I can't say for sure it's not the case for VarHandles as well.

On 5/3/16 1:18 AM, Paul Sandoz wrote:
Hi,

Please review:

   
http://cr.openjdk.java.net/~psandoz/jdk9/JDK-8155258-vhs-impl-improvements-jdk/webrev/
 
<http://cr.openjdk.java.net/~psandoz/jdk9/JDK-8155258-vhs-impl-improvements-jdk/webrev/>
   
http://cr.openjdk.java.net/~psandoz/jdk9/JDK-8155258-vhs-impl-improvements-hotspot/webrev/
 
<http://cr.openjdk.java.net/~psandoz/jdk9/JDK-8155258-vhs-impl-improvements-hotspot/webrev/>

The hotspot changes are really small. Is there is precedent in such cases to 
push through jdk9-dev rather than hs, thus speeding up the integration?
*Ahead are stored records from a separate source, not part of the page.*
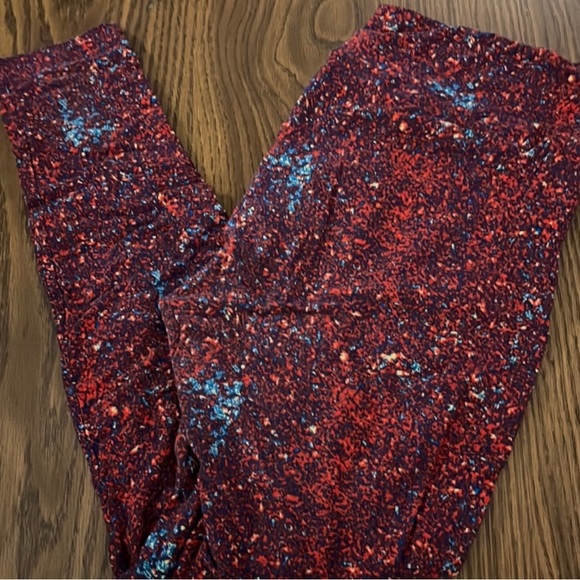 Galaxy TC Leggings - Picture 1 of 1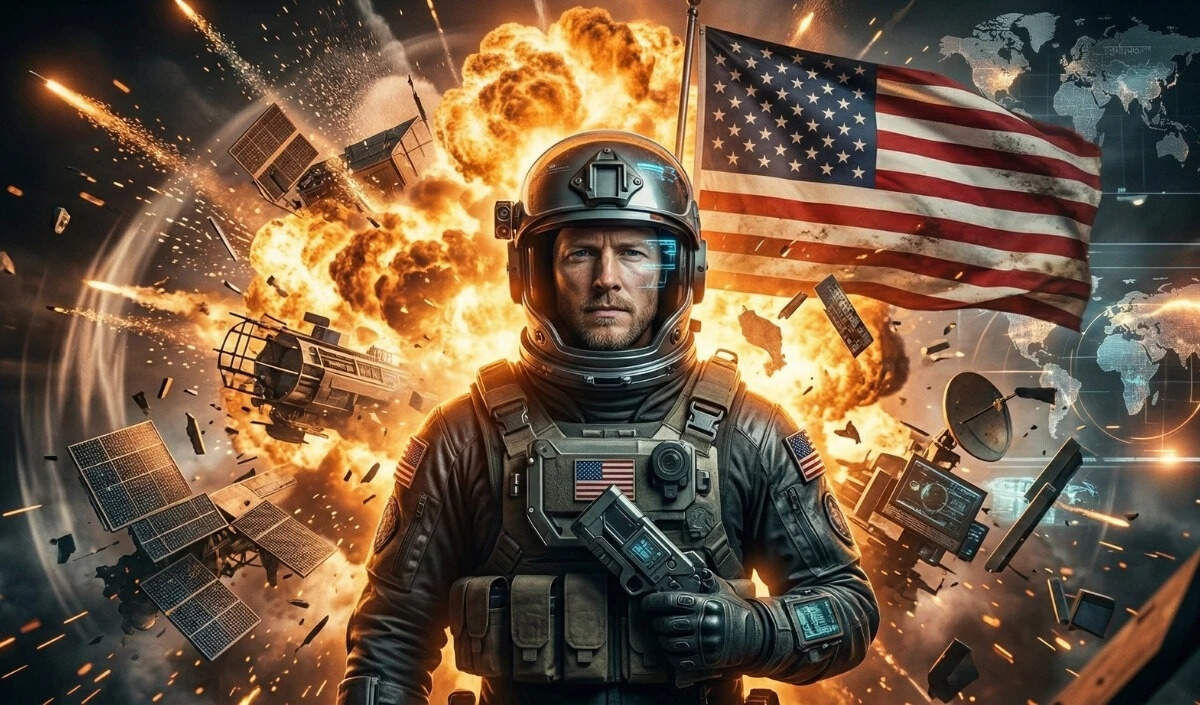 अमेरिका की वैश्विक ताकत: भौगोलिक स्थिति और प्राकृतिक संसाधनों का योगदान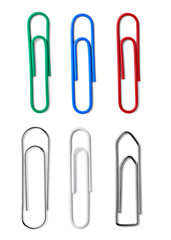 push pin paper clip thumbtack note office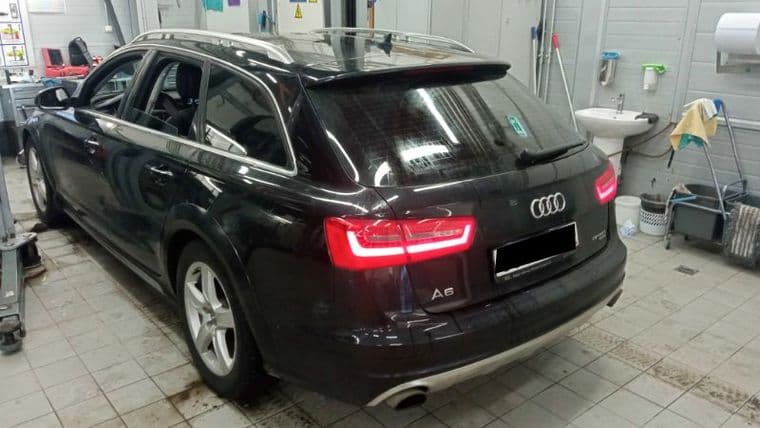 Audi A6 Allroad Quattro, 2014 - вид 3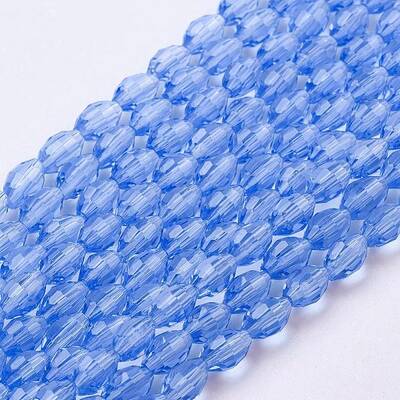 Glass Beads Strands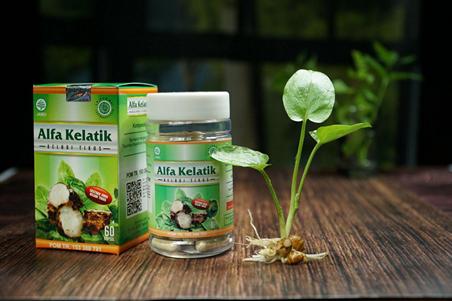 Alfa Kelatik AlAfiat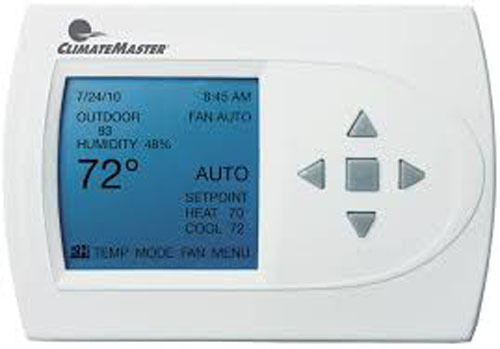 ClimateMaster Thermostat ATC32U03 Digital thermostat – Geothermal Products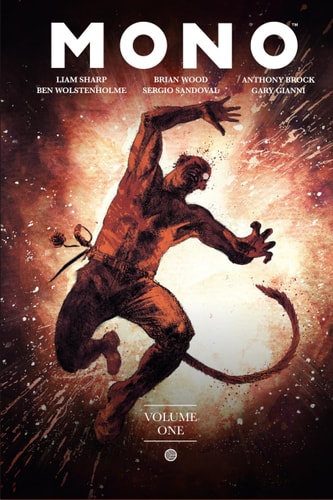 MONO VOLUME 1 by Titan Comics
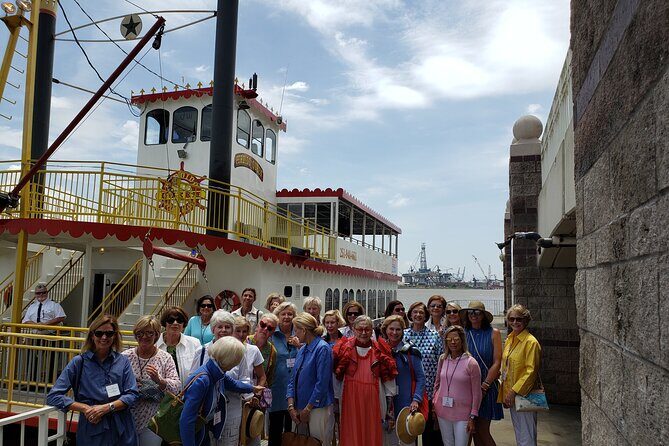 Mobile Harbor Scenic Ships and Port Tour - FAQ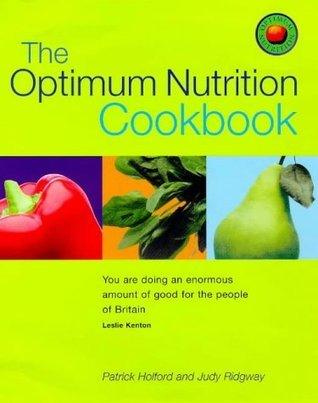 The Optimum Nutrition Cookbook - Thryft
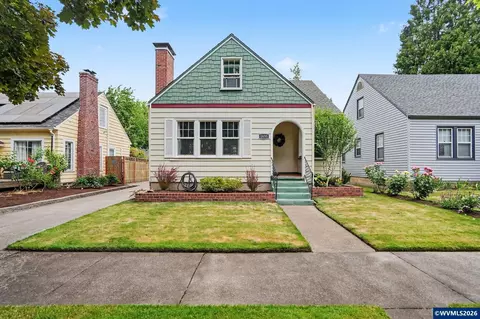 1635 Jefferson St NE, Salem, OR 97301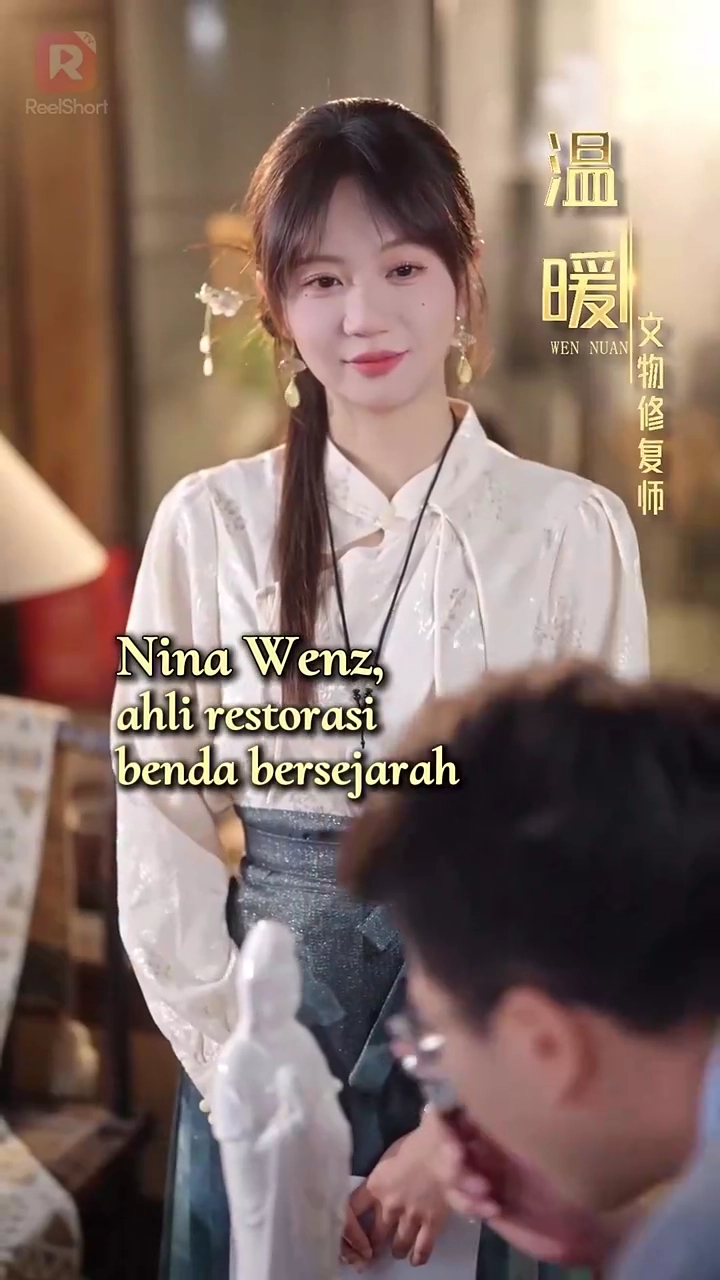 [Versi Dub] Ting! Ibu, Suamimu Sudah Tampak !foto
There are a bunch of improvements (mostly space/time):

1) By default a VarHandle does not hold its method types for access mode 
methods. Instead the erased types are held on VarForm (this shared across many 
VH instances) and are leveraged by the guard methods (see 4).
1.1) The non-erased method types are created on demand and cached (see 3).

2) Remove the use of ClassValue to hold VarForm instances. Each VarHandle 
implement holds its VarForm as a static instance. MemberNames to each access 
mode method implementation are still calculated on construction (this can be 
revisited to be lazy as a further issue).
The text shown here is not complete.